Items from a dataset
━━━━

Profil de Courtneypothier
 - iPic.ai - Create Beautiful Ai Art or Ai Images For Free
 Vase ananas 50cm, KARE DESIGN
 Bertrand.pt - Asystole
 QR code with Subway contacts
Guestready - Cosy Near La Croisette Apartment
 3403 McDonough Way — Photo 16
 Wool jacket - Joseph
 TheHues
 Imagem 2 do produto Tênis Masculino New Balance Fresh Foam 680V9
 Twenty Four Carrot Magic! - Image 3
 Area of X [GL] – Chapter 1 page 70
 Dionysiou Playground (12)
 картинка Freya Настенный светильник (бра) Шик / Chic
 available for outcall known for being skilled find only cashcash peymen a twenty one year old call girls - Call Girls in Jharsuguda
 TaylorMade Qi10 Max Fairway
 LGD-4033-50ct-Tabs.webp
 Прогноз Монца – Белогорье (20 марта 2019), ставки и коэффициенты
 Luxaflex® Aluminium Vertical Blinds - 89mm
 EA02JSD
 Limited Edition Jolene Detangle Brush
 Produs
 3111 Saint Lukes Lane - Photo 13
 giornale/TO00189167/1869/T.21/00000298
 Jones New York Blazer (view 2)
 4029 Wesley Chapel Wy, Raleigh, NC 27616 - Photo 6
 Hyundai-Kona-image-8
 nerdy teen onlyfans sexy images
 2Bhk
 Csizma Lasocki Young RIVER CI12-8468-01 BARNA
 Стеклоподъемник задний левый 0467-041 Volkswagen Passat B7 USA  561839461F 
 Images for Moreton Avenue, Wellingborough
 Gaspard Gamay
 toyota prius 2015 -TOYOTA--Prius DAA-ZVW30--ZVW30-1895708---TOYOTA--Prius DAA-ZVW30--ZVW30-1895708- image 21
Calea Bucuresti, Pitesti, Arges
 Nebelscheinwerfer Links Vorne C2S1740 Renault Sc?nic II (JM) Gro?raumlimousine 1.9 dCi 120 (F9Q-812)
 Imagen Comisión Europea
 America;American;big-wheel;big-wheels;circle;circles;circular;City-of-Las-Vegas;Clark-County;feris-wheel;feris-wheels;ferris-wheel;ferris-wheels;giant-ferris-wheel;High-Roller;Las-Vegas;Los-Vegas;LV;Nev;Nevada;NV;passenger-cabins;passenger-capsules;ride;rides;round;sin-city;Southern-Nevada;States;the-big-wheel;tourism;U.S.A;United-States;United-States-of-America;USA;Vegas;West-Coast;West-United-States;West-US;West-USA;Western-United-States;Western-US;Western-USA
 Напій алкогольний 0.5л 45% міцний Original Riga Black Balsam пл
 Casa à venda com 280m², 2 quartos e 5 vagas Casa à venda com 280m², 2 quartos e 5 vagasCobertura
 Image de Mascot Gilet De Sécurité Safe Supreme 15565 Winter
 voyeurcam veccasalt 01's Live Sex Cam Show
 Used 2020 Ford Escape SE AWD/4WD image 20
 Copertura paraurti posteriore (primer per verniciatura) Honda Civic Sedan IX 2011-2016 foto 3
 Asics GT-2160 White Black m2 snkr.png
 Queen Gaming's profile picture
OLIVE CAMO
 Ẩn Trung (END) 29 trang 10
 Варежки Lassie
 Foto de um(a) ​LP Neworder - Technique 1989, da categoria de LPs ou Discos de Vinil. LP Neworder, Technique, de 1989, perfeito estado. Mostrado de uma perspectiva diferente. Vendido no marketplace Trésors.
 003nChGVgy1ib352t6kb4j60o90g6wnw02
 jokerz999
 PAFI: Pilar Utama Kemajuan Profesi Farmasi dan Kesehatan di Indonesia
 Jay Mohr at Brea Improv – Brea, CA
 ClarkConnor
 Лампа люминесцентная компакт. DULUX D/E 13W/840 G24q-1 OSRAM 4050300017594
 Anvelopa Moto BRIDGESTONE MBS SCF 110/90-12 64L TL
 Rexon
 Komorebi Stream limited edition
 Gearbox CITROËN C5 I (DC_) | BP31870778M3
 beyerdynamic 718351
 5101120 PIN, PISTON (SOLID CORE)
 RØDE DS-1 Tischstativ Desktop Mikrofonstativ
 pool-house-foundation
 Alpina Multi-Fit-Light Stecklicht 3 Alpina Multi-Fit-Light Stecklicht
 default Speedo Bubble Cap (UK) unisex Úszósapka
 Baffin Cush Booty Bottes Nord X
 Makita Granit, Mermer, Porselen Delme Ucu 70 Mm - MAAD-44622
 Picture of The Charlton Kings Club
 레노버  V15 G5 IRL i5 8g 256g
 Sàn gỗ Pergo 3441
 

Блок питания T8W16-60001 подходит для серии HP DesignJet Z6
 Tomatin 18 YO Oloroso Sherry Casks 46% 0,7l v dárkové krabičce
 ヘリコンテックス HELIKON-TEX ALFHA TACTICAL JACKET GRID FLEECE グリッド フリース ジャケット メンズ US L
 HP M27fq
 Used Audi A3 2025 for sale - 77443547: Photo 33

━━━━

Give nothing except how many lines of the records include "Used".

● **Output for this task**: 2